The Warning Shot in Geneva: COP11 and Africa’s Tobacco Reckoning
The eleventh session of the WHO Framework Convention on Tobacco Control and the Future of Tobacco Control in Africa
The eleventh session of the WHO Framework Convention on Tobacco Control took place in Geneva in late November 2025. Delegates from across the world arrived under grey skies and a sense of global unease. Smoking rates were rising in pockets of Africa, new nicotine devices were spreading faster than regulators could track, and the international public health community seemed more fractured than ever.
Amid the hum of delegates settling into their seats, an African public health representative leaned toward a colleague and spoke quietly but with conviction. This meeting is no longer about paperwork. It is about the direction of global health and who gets to set it.
His words captured the tension that hovered over the entire week.
When the discussion turned to Article 18, which addresses the environmental and health impacts of tobacco products throughout their lifecycles, the atmosphere grew increasingly charged. Filters and electronic devices were on the table. Some wanted a sweeping ban. Others warned that such a move could break the systems meant to enforce it.
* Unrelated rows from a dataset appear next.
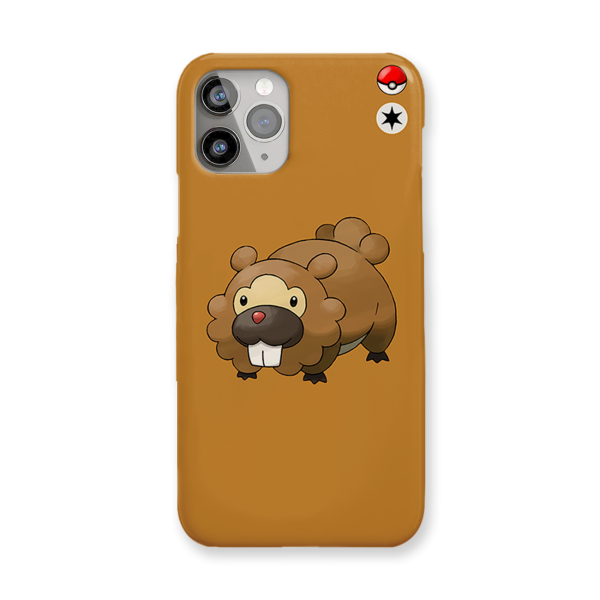 Case Bidoof POK-399-C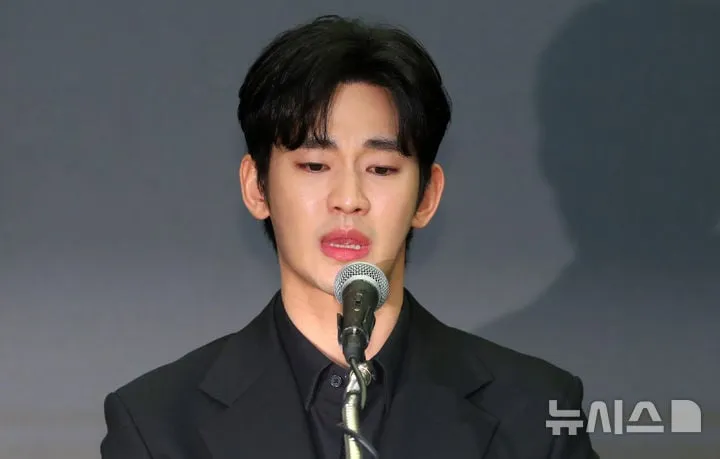 “거짓과 진실의 기로”…김수현, 73억대 광고 소송→입장 직접 밝혔다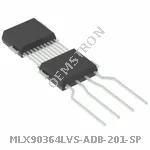 MLX90364LVS-ADB-201-SP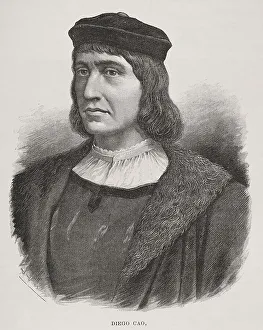 Diogo Cao (ca. 1452-1486)
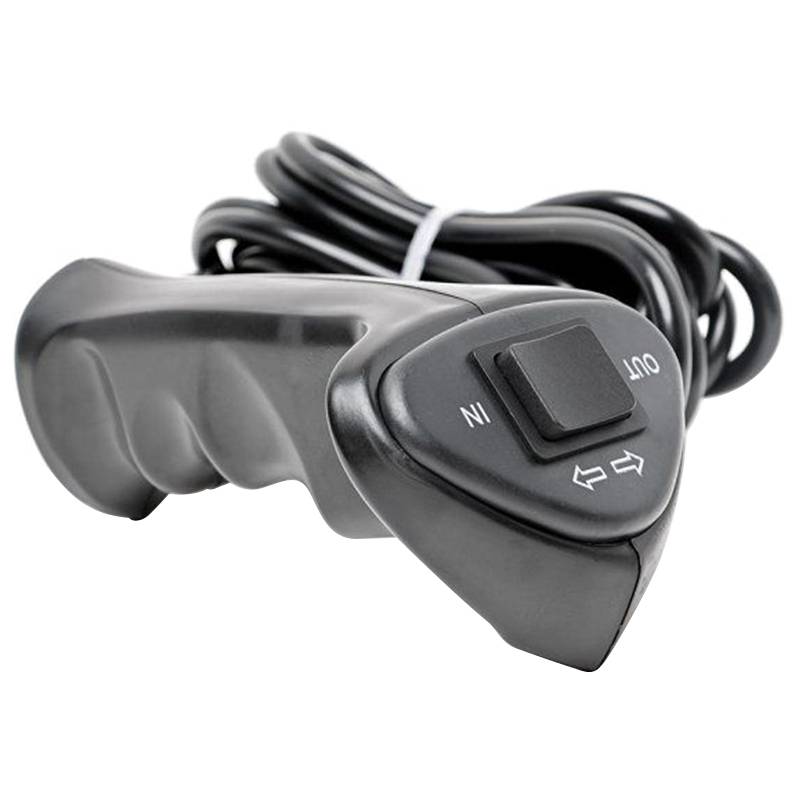 Rough Country - Rough Country 79-00017 Wired Winch Remote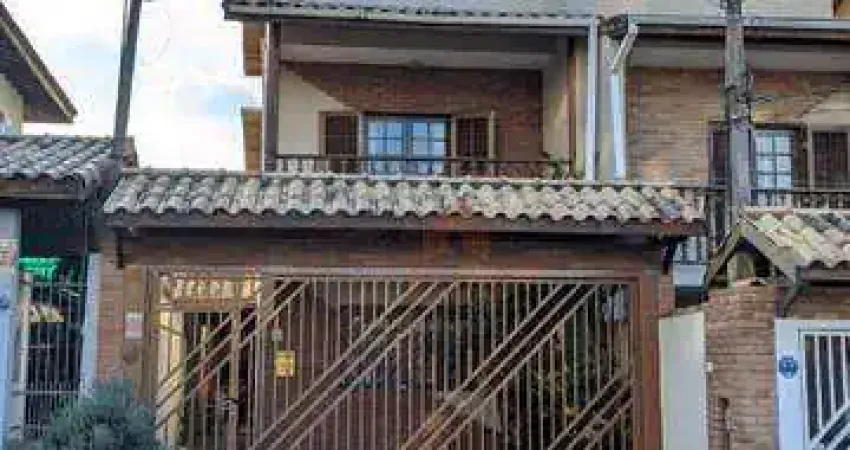 Casa com 3 quartos à venda no Parque Residencial Eloy Chaves, Jundiaí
After hours of wrangling, the final decision invited countries to explore regulatory options but stopped short of endorsing bans or classifying every component as hazardous waste.
It was a fragile compromise.
An African environmental specialist, watching the negotiations, murmured to nearby delegates that everyone agreed tobacco waste was a crisis. Still, a global filter ban would collapse on the African continent, and flexibility is the only realistic path forward.
The outcome gave African governments room to maneuver but also placed a heavy responsibility on domestic systems that already struggled with managing waste of any kind.
Under Article 19, the focus shifted to holding the tobacco industry legally accountable. The adopted decision encouraged Parties to explore civil, criminal, administrative, environmental, and human rights routes. Mandatory global levies did not survive the negotiations, leaving nations free to design their own approaches.
A legal advisor from West Africa reflected afterward that, for the first time, there is clear multilateral support for building the legal tools needed to hold major tobacco companies to account, yet warned that the framework will not litigate on behalf of any country. Africa must strengthen its own legal muscles.
For nations that have long struggled to confront transnational tobacco corporations over unethical marketing or environmental harm, the moment felt like a door slowly opening. But it would only remain open if legal systems were built up and adequately resourced.
Under Article 2.1, which concerns measures that go beyond the Convention and often imply endgame-style ambitions, delegates acknowledged the Expert Group’s report while maintaining the voluntary nature of such measures.
Some voices from the Global South urged restraint. A Southern African delegate said during a quiet conversation that it is impossible to legislate an endgame for countries that have not yet built even the basic cessation services. Ambition must grow in step with reality.
The voluntary framing preserved national agency but also risked inertia where resources remain scarce.
An African diplomat explained the shift to colleagues by observing that the continent cannot confront twenty-first-century tobacco epidemics with tools built for earlier decades. Harm reduction, the diplomat insisted, deserves a real seat at the table.
The debate came to a head during discussions on emerging nicotine products. A proposal spearheaded by Brazil to impose heavy global restrictions met strong resistance, and the talks ended without a consensus. The issue was pushed forward to the next conference.
Throughout the week, many participants could not help comparing this gathering with the more open model of climate change conferences. In Geneva, civil society, journalists, and independent researchers remained largely outside the doors once again. An African civil society leader voiced frustration, asking how decisions could be made for a billion Africans without their voices in the room.
Tobacco control, the leader argued, cannot remain frozen in the early years of the century while global governance has evolved.
For Africa, where farmers, consumers, and public health researchers are often underrepresented, the exclusion carried real consequences.
By the end of the session, African governments faced a demanding set of responsibilities. They would need to regulate disposable vapes and device waste without any guarantee of global financial support. They now had an enhanced pathway under Article 19 to pursue legal action against tobacco firms, but only if their legal systems were strong enough to take on the challenge. The conference reaffirmed national independence in implementation. This offered freedom, but also demanded ownership.
COP11 ended not with sweeping resolutions but with open battles postponed for the future.
As delegates packed their bags, an East African negotiator remarked during a final hallway exchange that if this session were the warning shot, the next would be the reckoning.
The session in Geneva shifted the terrain rather than settling it. Africa emerged not as a passive follower but as a force insisting on evidence-based and context-grounded solutions. As the world looks ahead to Armenia in 2027, one thing has become clear. Africa no longer sits at the margins. It helps shape the table itself.